Das Vereinigte Königreich hat diesen Weg bereits eingeschlagen. Im Februar kündigte der britische Premierminister Keir Starmer Pläne zur Kürzung der Auslandshilfe an, praktisch zeitgleich mit seinem Versuch, Trump zu beeindrucken, indem er sich zu höheren Ausgaben für die Sicherheit im eigenen Land und in Europa verpflichtete. Andere in der reichen Welt werden sicherlich folgen.
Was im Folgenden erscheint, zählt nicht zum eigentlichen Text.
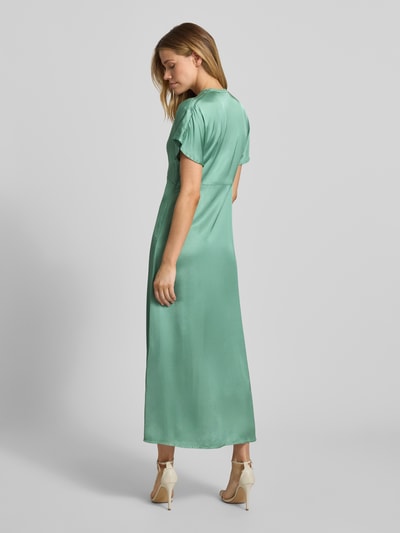 Vrouwenmodel draagt Maxikleid aus Viskose mit V-Ausschnitt van Jake*s Collection in lichtgroen, A-lijn, kanten details, achterkant, totaalbeeld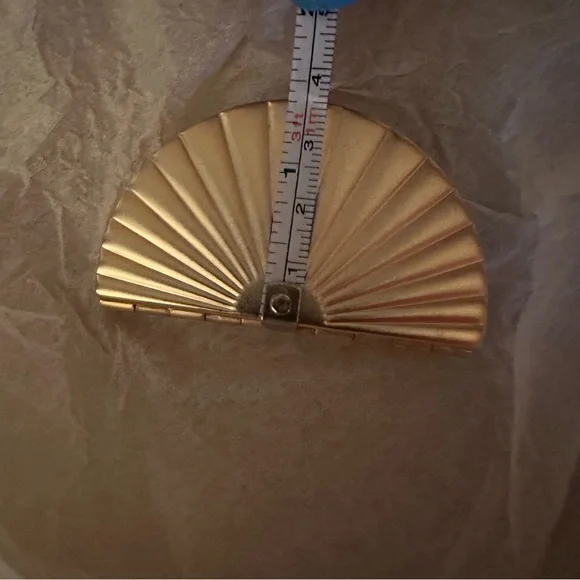 Vintage pill box - Picture 10 of 13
Eine der schmerzlichsten Folgen des Verhaltens der neuen US-Regierung ist vielleicht diejenige, über die am wenigsten gesprochen wird. Indem sie ihre eigene militärische Sicherheit eng priorisieren, handeln die Mitglieder des ehemaligen Westens in einem Wahn, der auf der Vorstellung beruht, dass Europa hinter hohen Mauern gedeihen kann. Während die Armen der Welt weiter zurückfallen – und durch das Bevölkerungswachstum, die Unfähigkeit, sich schnell genug zu industrialisieren oder Arbeitsplätze zu schaffen, und die Ausbreitung von Krankheiten am Boden zerstört werden – werden sie nicht tatenlos zusehen. Ihre Konflikte, ihr Wachstum und letztlich ihre Migration werden die reiche Welt in einem Ausmaß erschüttern, das sich heute nur wenige vorstellen können.
Zum Autor
Howard W. French ist Kolumnist bei Foreign Policy, Professor an der Columbia University Graduate School of Journalism und langjähriger Auslandskorrespondent. Sein neuestes Buch heißt „Born in Blackness: Africa, Africans and the Making of the Modern World, 1471 to the Second World War“. X: @hofrench
Wir testen zurzeit maschinelle Übersetzungen. Dieser Artikel wurde aus dem Englischen automatisiert ins Deutsche übersetzt.
Dieser Artikel war zuerst am 6. Februar 2025 in englischer Sprache im Magazin „ForeignPolicy.com“ erschienen – im Zuge einer Kooperation steht er nun in Übersetzung auch den Lesern der IPPEN.MEDIA-Portale zur Verfügung.